Charlie Sheen’s appearance on Today Tuesday morning, in an interview with Matt Lauer, answered one question, regarding his health status, but raised numerous others.
The news of Sheen’s medical status was not broken by Today: The Two and a Half Men actor had been the subject of reporting on Monday, including by PEOPLE, indicating that he was HIV-positive. But Sheen’s appearance shed light on precisely how Sheen will handle his new status as a public-health symbol of sorts. While Sheen expressed hope he’d “kick the door open” in helping to end stigma around HIV, his appearance, suffused with paranoia, was not a promising beginning.
Sheen is best-known, perhaps, for a 2011 period in which he made a series of increasingly erratic public statements; it was roughly during this period in which he received his diagnosis. “Roughly,” here, is because Sheen was unable to convey the answer of timing with any more specificity than “about four years ago.” And when interviewer Matt Lauer raised the question of Sheen’s actions during his 2011 public meltdown, Sheen laughed the entire thing off, calling the period “more of a ‘roid rage.'” (He said he does not know how he contracted HIV but breezily dismissed the idea he’d ever used needle drugs.)

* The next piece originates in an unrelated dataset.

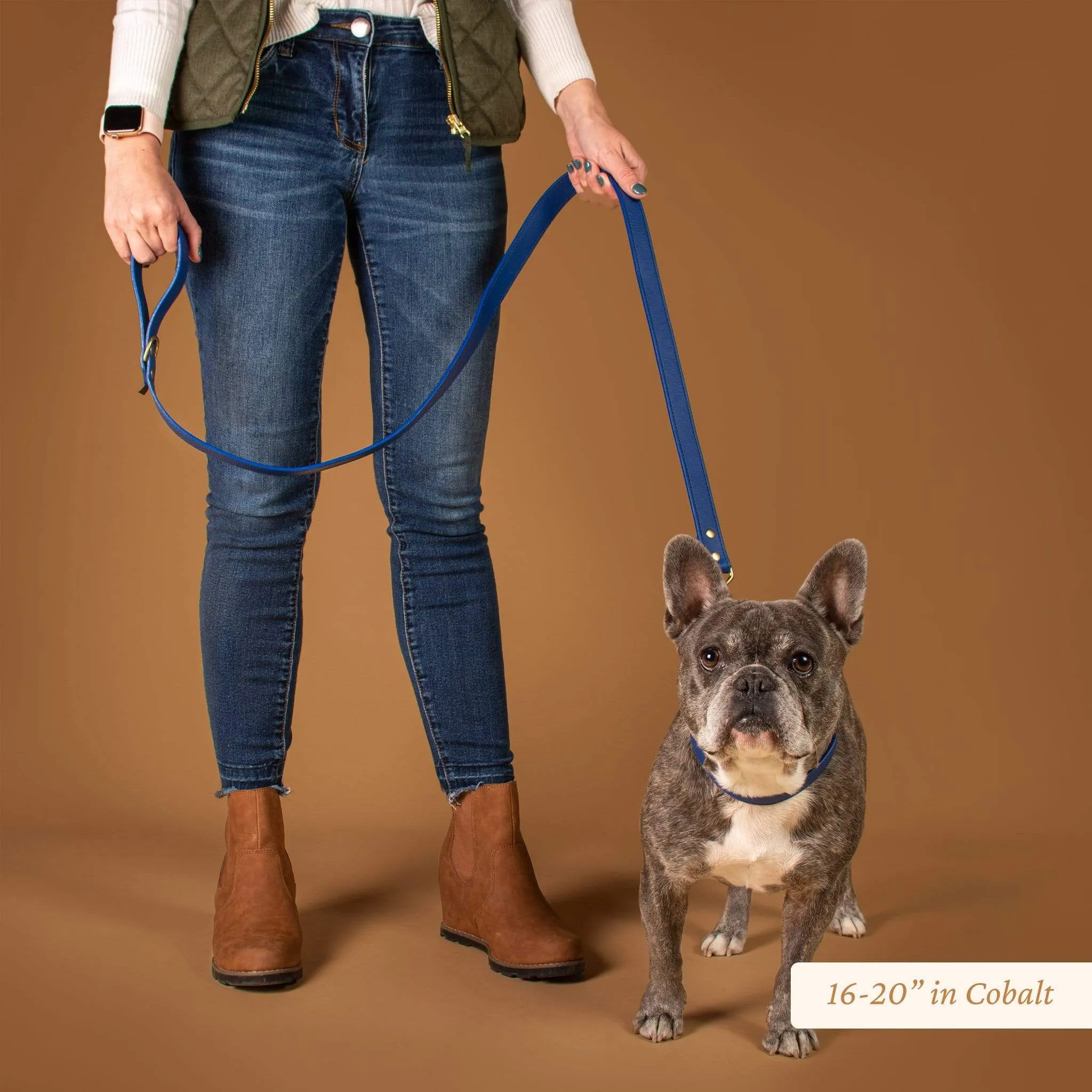 Wide Leather Dog Collar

The actor was open about the fact that he was conducting the interview not to shed light on an aspect of his life or to serve as a role model of sorts, but to stop a series of shakedowns he’d allegedly endured at the hands of sex workers who’d threatened to leak the news of his health status to tabloid media. He began the interview by declaring that “I have to put a stop to this onslaught, this barrage, of attacks, of sub-truths.” Asked how he thought the media would react to his interview, he said with more than a hint of anger, “I would hope it would be more forgiving and supportive than some of the garbage I was reading the past couple days.”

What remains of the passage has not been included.